Richard Eddy Sykes '83 (1919-35) grew up on a farm near Canton, and as his first job at St. Lawrence tended the woodstoves in Richardson Hall when he was 9 years old. He graduated from St. Lawrence in 1883.

Laurens Hickok Seelye (1935-40) introduced an innovative, interdisciplinary freshman seminar focused on world issues and communication skills. It was the ancestor of today’s First-Year Program, a widely-emulated program that has similar goals.

Millard H. Jencks '05 (1940-44), a 1905 St. Lawrence graduate, presided over a Navy training program on campus; many participants returned after World War II as students on the GI Bill.

Eugene G. Bewkes (1945-63) oversaw the period of post-World War II expansion, not only in enrollment but also in the physical plant and in the curriculum. The co-author of a widely-used freshman textbook on Western philosophy, he was also actively involved in numerous community and regional affairs such as the development of the St. Lawrence Seaway.

Foster S. Brown '30 (1963-69), a 1930 graduate of St. Lawrence, built stronger ties between “town” and “gown.”  In retirement he and his wife, Kay, spent summers on the St. Lawrence River near Morristown.

Frank P. Piskor (1969-81) further strengthened the relationship between the University and the local community while carefully modulating tensions between the two brought on by such controversies as the Vietnam War. A scholar of wide interests, he was a political scientist who loved literature and was a personal friend of Robert Frost, whose wife was a St. Lawrence alumna. He and his wife, Anne, remained in Canton upon his retirement, becoming involved in a host of civic projects, an engagement he continues to the present.

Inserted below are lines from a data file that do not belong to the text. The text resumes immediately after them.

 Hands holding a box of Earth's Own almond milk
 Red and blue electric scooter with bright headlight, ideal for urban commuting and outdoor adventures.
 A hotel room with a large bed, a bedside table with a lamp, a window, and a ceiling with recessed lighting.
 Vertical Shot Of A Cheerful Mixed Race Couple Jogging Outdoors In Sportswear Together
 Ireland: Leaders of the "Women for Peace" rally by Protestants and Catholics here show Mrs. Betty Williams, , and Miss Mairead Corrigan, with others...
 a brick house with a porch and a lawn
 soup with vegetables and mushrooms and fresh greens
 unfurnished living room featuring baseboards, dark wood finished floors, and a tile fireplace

W. Lawrence “Lawry” Gulick (1981-1987) oversaw a flowering of the arts on campus, bringing to St. Lawrence such groups as the esteemed Alexander String Quartet for annual residencies. He was as comfortable narrating Copeland’s Lincoln Portrait in a tuxedo with the Albany Symphony Orchestra in the auditorium that would later be named in his and his wife’s honor as he was wearing lederhosen and playing his accordion in Canton’s senior citizens’ home.

Patti McGill Peterson (1987-1996), the first woman to lead St. Lawrence, was a strong advocate of international education and the application of technology in teaching. Study programs in Costa Rica and India were added during her tenure, and Launders Science Library and Computing Center was constructed.

Daniel F. Sullivan'65
became the University's 17th president on July 1, 1996. In his 10 years at the University, St. Lawrence has experienced an educational Renaissance, with major initiatives in academics, student life, community relations and economioc development and facilities construction and renovations.